An unbiased estimator of the ratio of two regression coefficients? Suppose you fit a linear/logistic regression $g(y) = a_0 + a_1\cdot x_1 + a_2\cdot x_2$, with the aim of an unbiased estimate of $\frac{a_1}{a_2}$.  You are very confident that both $a_1$ and $a_2$ are very positive relative to the noise in their estimations.
If you have the joint covariance of $a_1, a_2$, you could calculate, or at least simulate the answer.  Are there any better ways, and in real-life problems with a lot of data, how much trouble do you get in for taking the ratio of estimates, or for taking a half-step and assuming the coefficients are independent?
 A: I would suggest doing error propagation on the variable type and minimize either the error or relative error of $\frac{a_1}{a_2}$. For example, from Strategies for Variance Estimation or Wikipedia
$f = \frac{A}{B}\,$
$\sigma_f^2 \approx f^2 \left[\left(\frac{\sigma_A}{A}\right)^2 + \left(\frac{\sigma_B}{B}\right)^2 - 2\frac{\sigma_{AB}}{AB} \right]$
$\sigma_f \approx \left| f \right| \sqrt{ \left(\frac{\sigma_A}{A}\right)^2 + \left(\frac{\sigma_B}{B}\right)^2 - 2\frac{\sigma_{AB}}{AB} }$
As a guess, you probably want to minimize $(\frac{\sigma_f}{f})^2$. It is important to understand that when one does regression to find a best parameter target, one has forsaken goodness of fit.
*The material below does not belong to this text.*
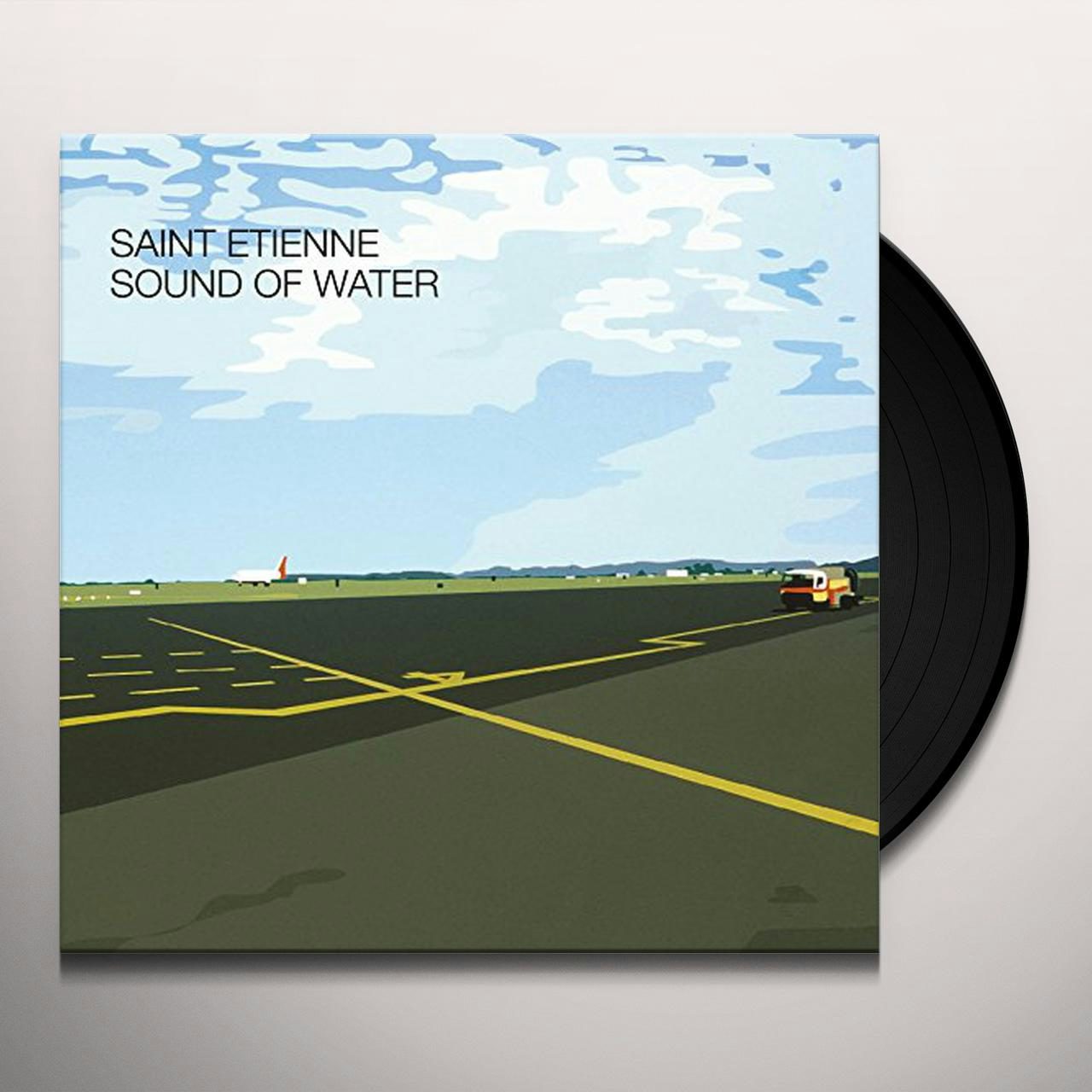 Saint Etienne SOUND OF WATER: DELUXE EDITION Vinyl Record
The fit process will find a best $\frac{A}{B}$, and this is definitively not related to minimizing residuals. This has been done before by taking logarithms of a non-linear fit equation, for which multiple linear applied with a different parameter target and Tikhonov regularization.
The moral of this story is that unless one asks the data to yield the answer that one desires, one will not obtain that answer. And, regression that does not specify the desired answer as a minimization target will not answer the question.